Re: Call for Adoption: draft-meenan-httpbis-compression-dictionary from Patrick Meenan on 2023-08-18 (ietf-http-wg@w3.org from July to September 2023)

From: Patrick Meenan <patmeenan@gmail.com>
Date: Fri, 18 Aug 2023 09:43:27 -0400
To: Stefan Eissing <stefan@eissing.org>
Cc: Fielding Roy <fielding@gbiv.com>, Mark Nottingham <mnot@mnot.net>, "ietf-http-wg@w3.org Group" <ietf-http-wg@w3.org>, Tommy Pauly <tpauly@apple.com>
Message-ID: <CAJV+MGxh5jzTWGzAmohyWeGd+9928HP=YfZPu1ch0pXo=LUhnQ@mail.gmail.com>
Content-Encoding is end-to-end and follows the content (though some reverse
proxies decode/re-encode the encoding if you are relying on the reverse
proxy for your compression or modifying the payload).  Transfer-Encoding or
anything at the HTTP/2 or 3 layer would be hop-to-hop.

The main requirements for a reverse proxy to "work" with an origin using
dictionary compression are:
- Pass unknown "Accept-Encoding" values through (if they are stripped, the
responses will still work but dictionary compression won't be used)
- Treat "Content-Encoding" responses with unknown encodings as opaque
responses (most that I have tested already do this)
- Support "Vary" for cache keys (if it is a caching proxy) for
"Accept-Encoding" and "Sec-Available-Dictionary" request headers (may
require some config depending on the proxy)

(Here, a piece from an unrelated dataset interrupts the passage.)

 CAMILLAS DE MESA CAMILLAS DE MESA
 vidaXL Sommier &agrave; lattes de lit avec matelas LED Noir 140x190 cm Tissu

Here are some notes from April when I tested it on Fastly, CloudFront and
Cloudflare, all of which are reverse-proxies:
https://github.com/pmeenan/compression-dictionary-notes/blob/main/CDN.md

The basic flow looks something like this:

- Request comes in to reverse proxy from c1 for
https://example.com/v2/main.js with "Accept-Encoding: deflate, gzip, br,
zstd, br-d, zstd-d" and "Sec-Available-Dictionary: xxxyyyzzz"
- Resource isn't found in cache, request is made from reverse-proxy to b1
for the URL with the same request headers
- Response from b1 comes back with "Content-Encoding: br-d" and "Vary:
content-encoding, sec-available-dictionary" (and appropriate cache headers
making it cache eligible)
- Proxy stores it in cache, keyed by URL, The Accept-Encoding string and
the xxxyyyzzz dictionary
- Proxy responds with the dictionary-compressed resource (doesn't try to
re-compress it since it is already using content-encoding (and maybe with
an encoding the proxy doesn't understand)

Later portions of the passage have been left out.